A panel of experts has been convened to consider how the layout of housing estates can best be used to deliver more quality homes available for rent and buy.

Lord Heseltine and housing minister Brandon Lewis are co-chairing the panel, which met for the first time on 9 February.

Heseltine said new tenants would be at the heart of the regeneration of the country’s most deprived areas.

The panel members are:

• Councillor Ravi Govindia, leader of Wandsworth Council

• Nicholas Boys Smith, director of Create Streets, a social enterprise and independent research institute

• Andrew Boff, leader of the Greater London Authority Conservatives housing group

• Elaine Bailey, chief executive of Hyde Housing Association

• Paul Tennant, chief executive of Orbit Housing Association

• Tony Pidgley, chief executive of Berkeley Homes

• Peter Vernon, chief executive of Grosvenor Estates

• Jane Duncan, president of the Royal Institute of British Architects

• Ben Bolgar, director of Design Theory and Networks at the Prince’s Foundation

• Dominic Grace, head of London Residential Development at estates agent Savills

• Emma Cariaga from the British Land and Thames Valley Housing Association

• David Budd, Mayor of Middlesbrough

• Natalie Elphicke, chief executive of the Housing & Finance Institute

• Graham Allen, MP for Nottingham North

• Félicie Krikler, director at Assael Architecture

In January, Prime Minister David Cameron pledged to transform 100 housing estates in Britain. He wrote in The Sunday Times that some housing estates are “entrenching poverty in Britain” and isolating families and communities, despite the fact that “behind front doors, families build warm and welcoming homes”.

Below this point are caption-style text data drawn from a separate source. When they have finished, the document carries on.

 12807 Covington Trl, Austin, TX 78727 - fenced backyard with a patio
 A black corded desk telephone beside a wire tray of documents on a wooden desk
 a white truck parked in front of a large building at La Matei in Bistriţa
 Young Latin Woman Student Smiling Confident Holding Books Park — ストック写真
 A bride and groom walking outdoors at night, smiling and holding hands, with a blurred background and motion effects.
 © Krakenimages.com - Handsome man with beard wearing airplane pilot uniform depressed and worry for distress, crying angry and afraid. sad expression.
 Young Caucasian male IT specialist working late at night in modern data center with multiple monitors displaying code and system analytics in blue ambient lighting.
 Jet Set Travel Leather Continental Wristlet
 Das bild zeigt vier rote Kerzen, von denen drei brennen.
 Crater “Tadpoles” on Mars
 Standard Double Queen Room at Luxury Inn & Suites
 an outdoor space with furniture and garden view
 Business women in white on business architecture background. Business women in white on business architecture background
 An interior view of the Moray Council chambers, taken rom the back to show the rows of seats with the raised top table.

A £140 million fund was announced to start the work.

Cameron said the panel's first job would be to create a list of post-war estates across the country that are “ripe for redevelopment”.

The panel will report back to Cameron and communities secretary Greg Clark and, said the government, would develop a national estate regeneration strategy and work with 100 housing estates to “tackle deprivation and transform them into vibrant communities”.

The national strategy is expected to be drawn up by autumn.

Heseltine said: “The panel will provide expert advice, support and explore innovative funding solutions to drive forward the regeneration of estates around the country.

“However, I am clear that this has to be locally led and we must work with the residents of such estates. I now want to see local communities coming forward with innovative ideas to achieve desirable neighbourhoods that local people can be proud of.”

The panel met at the York Road Estate in Battersea, London, where plans are being developed for a regeneration scheme.

Wandsworth Council leader and panel member Ravi Govindia said the council’s approach is “centred firmly on improving” the lives of Winstanley and York estate residents, providing them with “new opportunities and better life chances”.

Future meetings are expected to be held at estates across the country.